Are you serving the youth in your communities to the best of your ability?

   This simply question should continue to drive your organizations steps in evaluation and improvement. From this questions stems conversations about community partnerships, family connections, funding, staffing, mission, vision and what your best might look like.

   One of the tools that we use to evaluate our programming is a SWOT analysis. We reflect on the past few months to year and create a table that looks at our Strengths, Weaknesses, our Opportunities and the Threats to our success. This exercise will be able to help lead your discussion on what has been working to make you successful but also allows you to identify ways to improve.

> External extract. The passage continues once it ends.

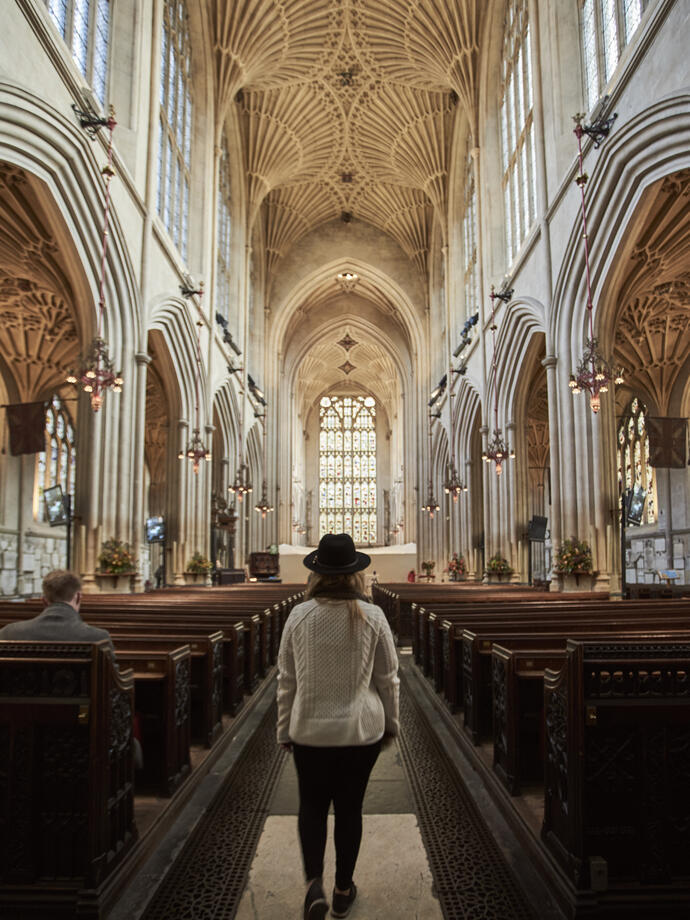 Woman walking down the aisle of an abbey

This strategic planning tool has led to new initiatives, new conversations and partnerships that allow our youth to thrive.

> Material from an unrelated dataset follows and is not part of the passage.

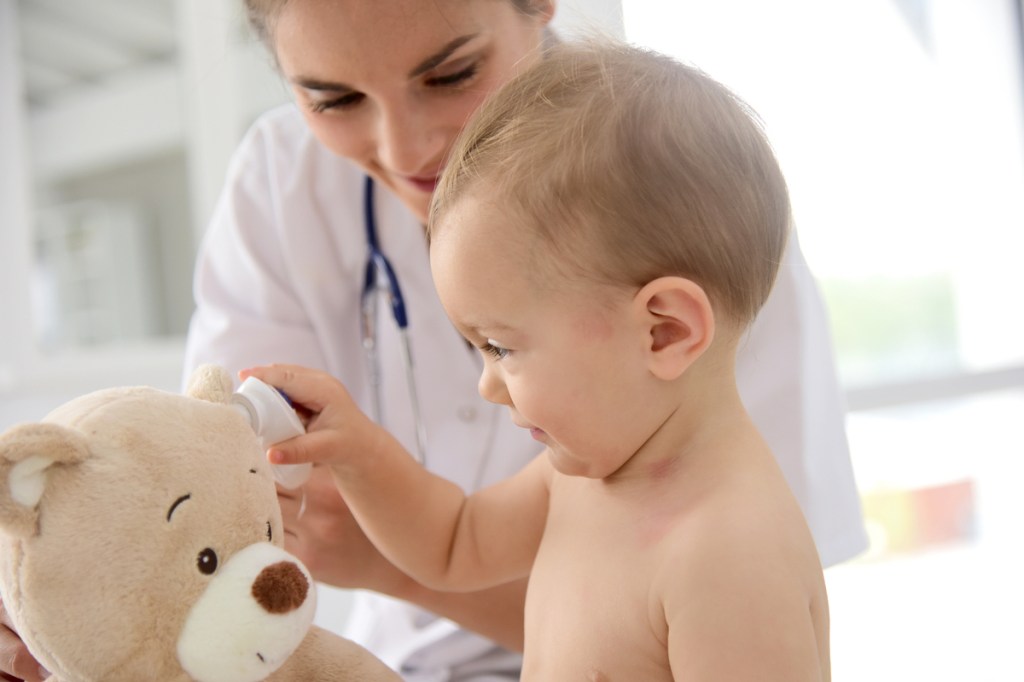 Baby with a doctor at their checkup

   A major step to answer the question of serving youth in your community should be in asking youth themselves. Incorporating youth voice and perspective into any youth organization is vital in the evaluation and improvement of a youth program. Many organizations proclaim to be for youth voice, but simply err on a side of youth tokenism where they do not have any real say or power in the programming. If youth are the ones we are hoping to impact the most, shouldn’t they have a voice in how to do that best? From creating youth panels, youth evaluations, or more natural conversations with stakeholders (directors, community members, program directors) are all ways to incorporate youth voice.

   The youth that we work with deserve our best. By creating systems that allow for us to evaluate and improve the programs we work in we position ourselves to maximize our impact.